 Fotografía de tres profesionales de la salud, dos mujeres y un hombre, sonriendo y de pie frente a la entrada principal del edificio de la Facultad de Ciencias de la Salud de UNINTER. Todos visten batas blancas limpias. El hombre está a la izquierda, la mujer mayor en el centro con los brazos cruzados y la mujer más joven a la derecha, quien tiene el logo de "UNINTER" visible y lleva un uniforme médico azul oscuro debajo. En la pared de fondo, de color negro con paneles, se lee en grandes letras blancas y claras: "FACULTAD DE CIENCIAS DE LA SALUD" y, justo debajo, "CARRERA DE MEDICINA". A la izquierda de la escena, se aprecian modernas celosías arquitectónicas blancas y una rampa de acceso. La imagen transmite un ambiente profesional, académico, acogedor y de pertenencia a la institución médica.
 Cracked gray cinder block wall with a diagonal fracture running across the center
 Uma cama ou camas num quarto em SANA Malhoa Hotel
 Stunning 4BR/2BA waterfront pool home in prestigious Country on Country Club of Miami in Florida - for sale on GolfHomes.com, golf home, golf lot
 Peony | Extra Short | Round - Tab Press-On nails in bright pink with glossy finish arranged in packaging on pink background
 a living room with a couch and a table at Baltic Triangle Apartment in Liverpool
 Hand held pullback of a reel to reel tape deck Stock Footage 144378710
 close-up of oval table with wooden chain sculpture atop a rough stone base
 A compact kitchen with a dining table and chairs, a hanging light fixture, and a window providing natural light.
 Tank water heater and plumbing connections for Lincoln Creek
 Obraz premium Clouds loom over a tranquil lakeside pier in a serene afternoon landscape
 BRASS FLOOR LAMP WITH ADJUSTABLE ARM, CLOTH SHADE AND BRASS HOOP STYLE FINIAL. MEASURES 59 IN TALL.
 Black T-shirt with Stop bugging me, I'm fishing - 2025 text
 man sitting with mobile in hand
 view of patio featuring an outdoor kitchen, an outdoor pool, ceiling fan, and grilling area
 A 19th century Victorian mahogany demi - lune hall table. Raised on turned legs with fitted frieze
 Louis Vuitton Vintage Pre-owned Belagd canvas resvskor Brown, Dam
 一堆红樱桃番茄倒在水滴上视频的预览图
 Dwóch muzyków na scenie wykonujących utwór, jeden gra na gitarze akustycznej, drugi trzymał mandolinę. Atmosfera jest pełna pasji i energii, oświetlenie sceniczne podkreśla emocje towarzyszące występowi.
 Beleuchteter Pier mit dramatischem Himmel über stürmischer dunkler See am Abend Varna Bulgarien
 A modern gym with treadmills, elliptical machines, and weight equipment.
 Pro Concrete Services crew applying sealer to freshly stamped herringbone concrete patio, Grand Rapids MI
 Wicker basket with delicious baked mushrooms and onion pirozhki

• **How to complete this task**
Return each line of the data above verbatim.

• **Result**
 Fotografía de tres profesionales de la salud, dos mujeres y un hombre, sonriendo y de pie frente a la entrada principal del edificio de la Facultad de Ciencias de la Salud de UNINTER. Todos visten batas blancas limpias. El hombre está a la izquierda, la mujer mayor en el centro con los brazos cruzados y la mujer más joven a la derecha, quien tiene el logo de "UNINTER" visible y lleva un uniforme médico azul oscuro debajo. En la pared de fondo, de color negro con paneles, se lee en grandes letras blancas y claras: "FACULTAD DE CIENCIAS DE LA SALUD" y, justo debajo, "CARRERA DE MEDICINA". A la izquierda de la escena, se aprecian modernas celosías arquitectónicas blancas y una rampa de acceso. La imagen transmite un ambiente profesional, académico, acogedor y de pertenencia a la institución médica.
 Cracked gray cinder block wall with a diagonal fracture running across the center
 Uma cama ou camas num quarto em SANA Malhoa Hotel
 Stunning 4BR/2BA waterfront pool home in prestigious Country on Country Club of Miami in Florida - for sale on GolfHomes.com, golf home, golf lot
 Peony | Extra Short | Round - Tab Press-On nails in bright pink with glossy finish arranged in packaging on pink background
 a living room with a couch and a table at Baltic Triangle Apartment in Liverpool
 Hand held pullback of a reel to reel tape deck Stock Footage 144378710
 close-up of oval table with wooden chain sculpture atop a rough stone base
 A compact kitchen with a dining table and chairs, a hanging light fixture, and a window providing natural light.
 Tank water heater and plumbing connections for Lincoln Creek
 Obraz premium Clouds loom over a tranquil lakeside pier in a serene afternoon landscape
 BRASS FLOOR LAMP WITH ADJUSTABLE ARM, CLOTH SHADE AND BRASS HOOP STYLE FINIAL. MEASURES 59 IN TALL.
 Black T-shirt with Stop bugging me, I'm fishing - 2025 text
 man sitting with mobile in hand
 view of patio featuring an outdoor kitchen, an outdoor pool, ceiling fan, and grilling area
 A 19th century Victorian mahogany demi - lune hall table. Raised on turned legs with fitted frieze
 Louis Vuitton Vintage Pre-owned Belagd canvas resvskor Brown, Dam
 一堆红樱桃番茄倒在水滴上视频的预览图
 Dwóch muzyków na scenie wykonujących utwór, jeden gra na gitarze akustycznej, drugi trzymał mandolinę. Atmosfera jest pełna pasji i energii, oświetlenie sceniczne podkreśla emocje towarzyszące występowi.
 Beleuchteter Pier mit dramatischem Himmel über stürmischer dunkler See am Abend Varna Bulgarien
 A modern gym with treadmills, elliptical machines, and weight equipment.
 Pro Concrete Services crew applying sealer to freshly stamped herringbone concrete patio, Grand Rapids MI
 Wicker basket with delicious baked mushrooms and onion pirozhki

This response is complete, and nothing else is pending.